I also was interested in how gender representation at the Olympics has changed over time. In both the winter and summer games, the number of female participants has rapidly increased in the last 100 years and is comparable to the male participation.

par(mfrow=c(2,1))
summer%>%
  group_by(Gender,Year) %>%
  dplyr::count() %>%
  ggplot() + geom_line(aes(x= Year, y=n, group = Gender, color = Gender)) +
  labs(title = 'Participation In each Summer Olympics based on gender',y="Count")+
  theme_minimal() + theme(plot.title = element_text(hjust = 0.5))

winter%>%
  group_by(Gender,Year) %>%
  dplyr::count() %>%
  ggplot() + geom_line(aes(x= Year, y=n, group = Gender, color = Gender)) +
  labs(title = 'Participation In each Winter Olympics based on gender',y="Count")+
  theme_minimal()+ theme(plot.title = element_text(hjust = 0.5))

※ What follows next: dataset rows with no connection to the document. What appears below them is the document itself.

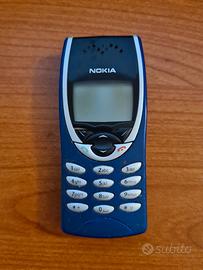 cellulare nokia 8210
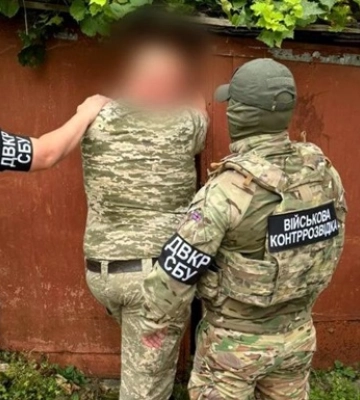 На Тернопільщині затримали чоловіка, якого підозрюють у продажі автівок для ЗСУ
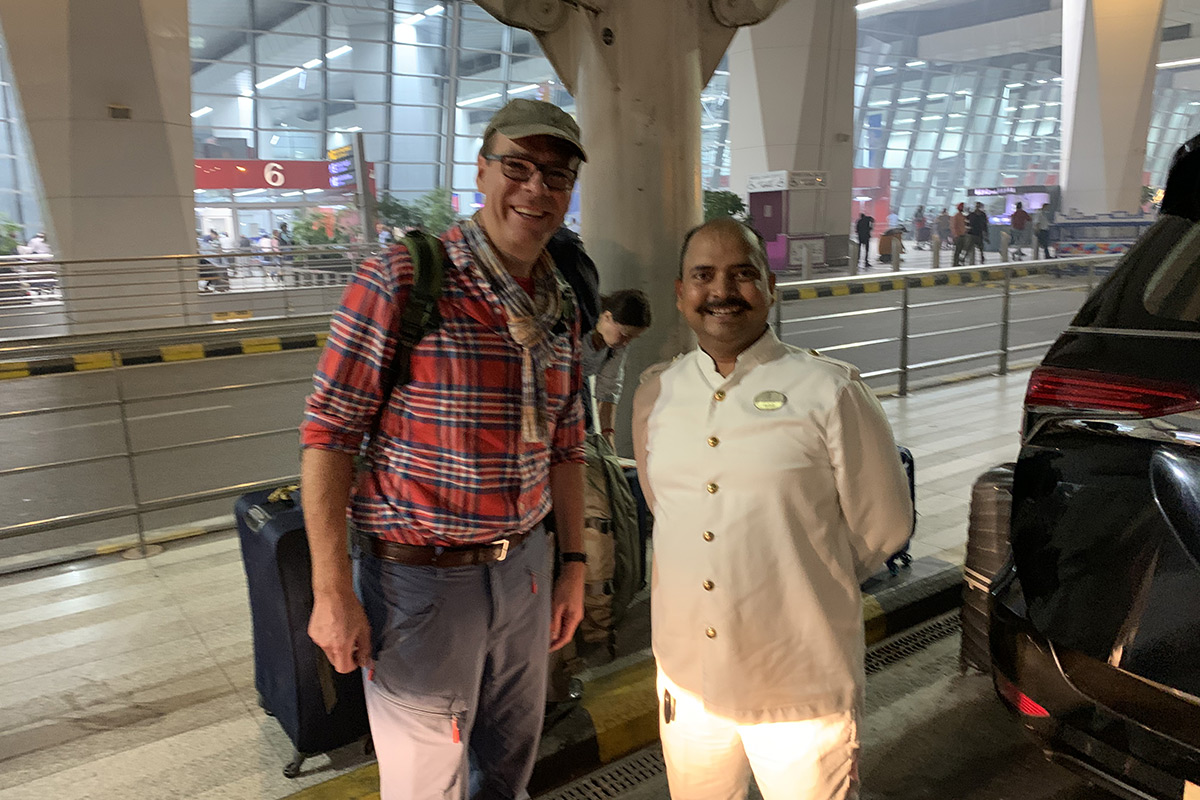 Trygg og personlig velkomst i Delhi Sjåfør fra Magiske Indiareiser møter gjester på flyplassen i Delhi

Each individual event is classified into a discipline which can be thought of as a category. The most common disciplines are found below.

olym%>%
  select(Discipline) %>%
  mutate(Discipline = str_split(Discipline,',')) %>%
  unnest(Discipline) %>%
  group_by(Discipline) %>%
  dplyr::count() %>%
  arrange(desc(n)) %>%
  ggplot() + geom_col(aes(y = reorder(Discipline,n), x = n)) +
  labs(title = 'Number of Disciplines',x = 'Total',y = 'Disciplines') +
  theme_minimal() + theme(plot.title = element_text(hjust = 0.5)) + 
  theme(text = element_text(size=4))

The winningest countries and athletes were also found.

### Medals won by country
olymsub <- olym[olym$Year %in% 1960:2020,]
olymsub%>%
  filter(!str_detect(Country,',')) %>%
  group_by(Country) %>%
  dplyr::count() %>%
  arrange(desc(n)) %>%
  head(40) %>%
  ggplot() + geom_col(aes(y = reorder(Country,n), x = n)) +
  labs(title = 'Medals won by each Country (1960-2014)',y="Country") +
  theme_minimal() + theme(plot.title = element_text(hjust = 0.5)) + 
  theme(text = element_text(size=6))

### Most medals wont by athletes

olymsub%>%
  group_by(Athlete) %>%
  dplyr::count() %>%
  arrange(desc(n)) %>%
  head(30) %>%
  ggplot() + geom_col(aes(y = reorder(Athlete,n), x = n)) +
  geom_label(aes(y = reorder(Athlete,n,fill="rep"), x = n, label = n)) +
  theme_minimal() + theme(plot.title = element_text(hjust = 0.5))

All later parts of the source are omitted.